*Your goal*:
When you reach the line that holds "Premuzic yürüyüş yolu", start copying exactly and keep going through the final line of the data, leaving out pictures.

*Data shown*:
BEGIN

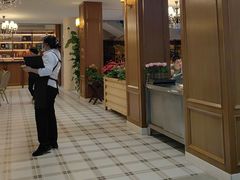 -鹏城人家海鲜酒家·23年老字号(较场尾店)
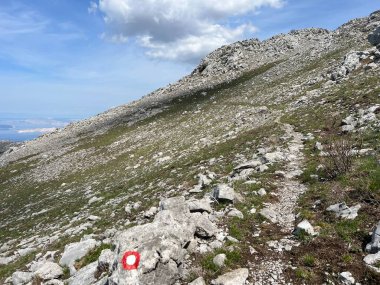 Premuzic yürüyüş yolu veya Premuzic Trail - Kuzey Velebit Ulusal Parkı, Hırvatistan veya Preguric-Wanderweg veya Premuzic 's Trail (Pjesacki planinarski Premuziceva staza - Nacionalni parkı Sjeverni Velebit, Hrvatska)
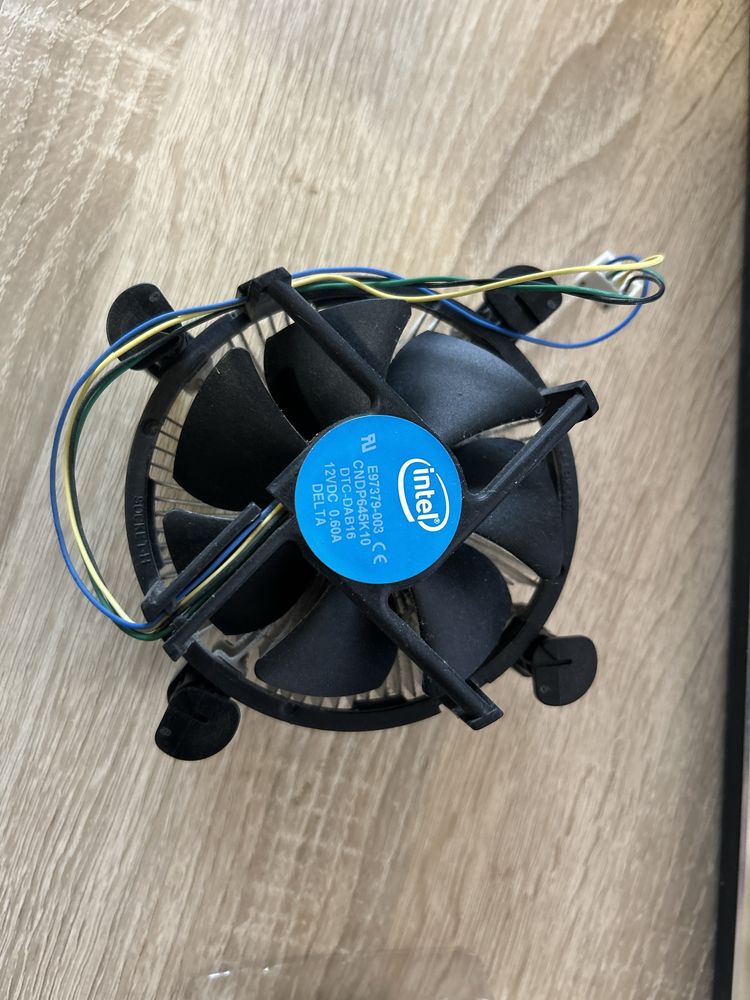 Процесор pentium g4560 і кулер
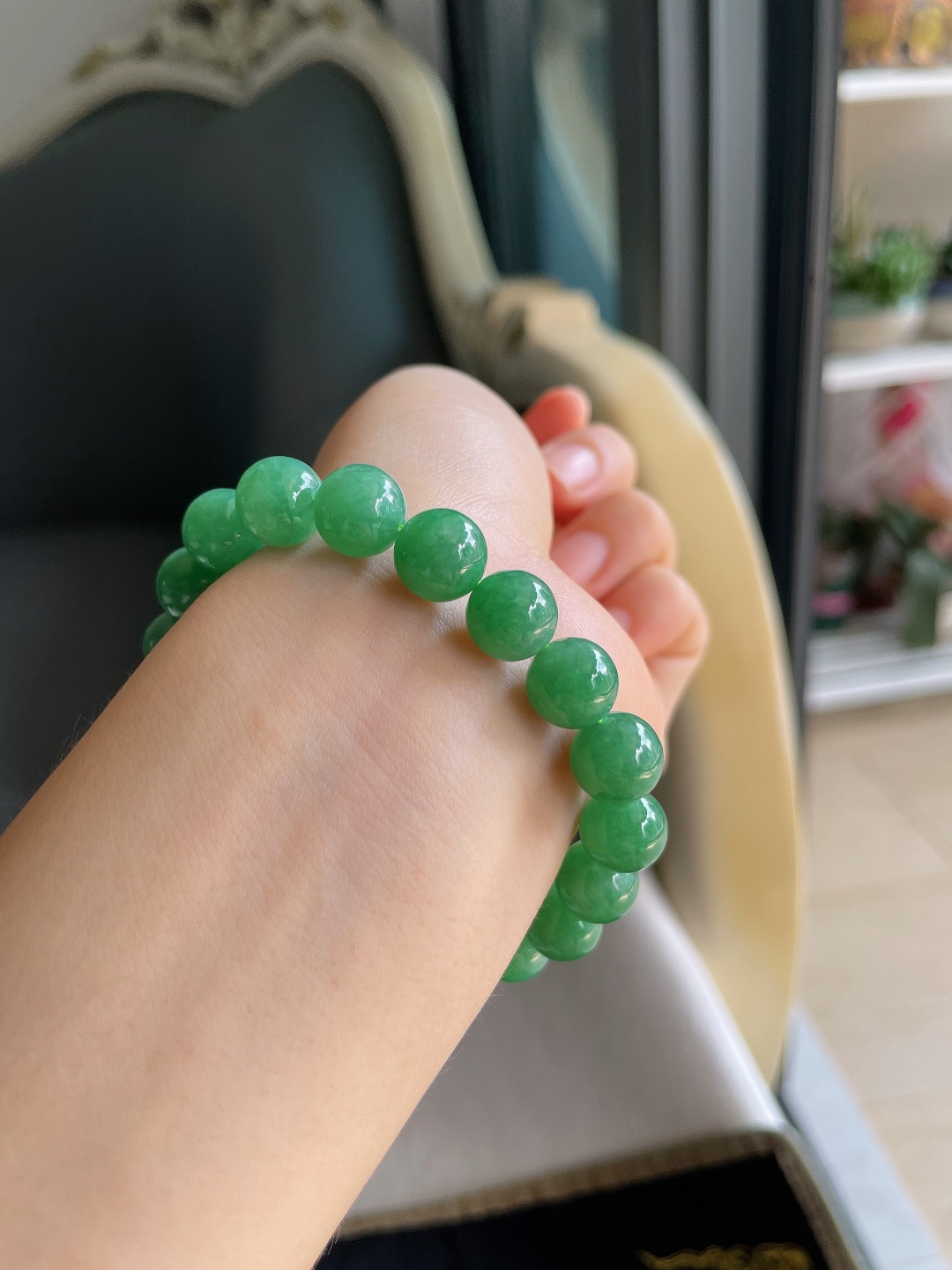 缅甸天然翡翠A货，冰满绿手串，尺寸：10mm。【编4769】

END

*Finished exercise*:
 Premuzic yürüyüş yolu veya Premuzic Trail - Kuzey Velebit Ulusal Parkı, Hırvatistan veya Preguric-Wanderweg veya Premuzic 's Trail (Pjesacki planinarski Premuziceva staza - Nacionalni parkı Sjeverni Velebit, Hrvatska)
 Процесор pentium g4560 і кулер
 缅甸天然翡翠A货，冰满绿手串，尺寸：10mm。【编4769】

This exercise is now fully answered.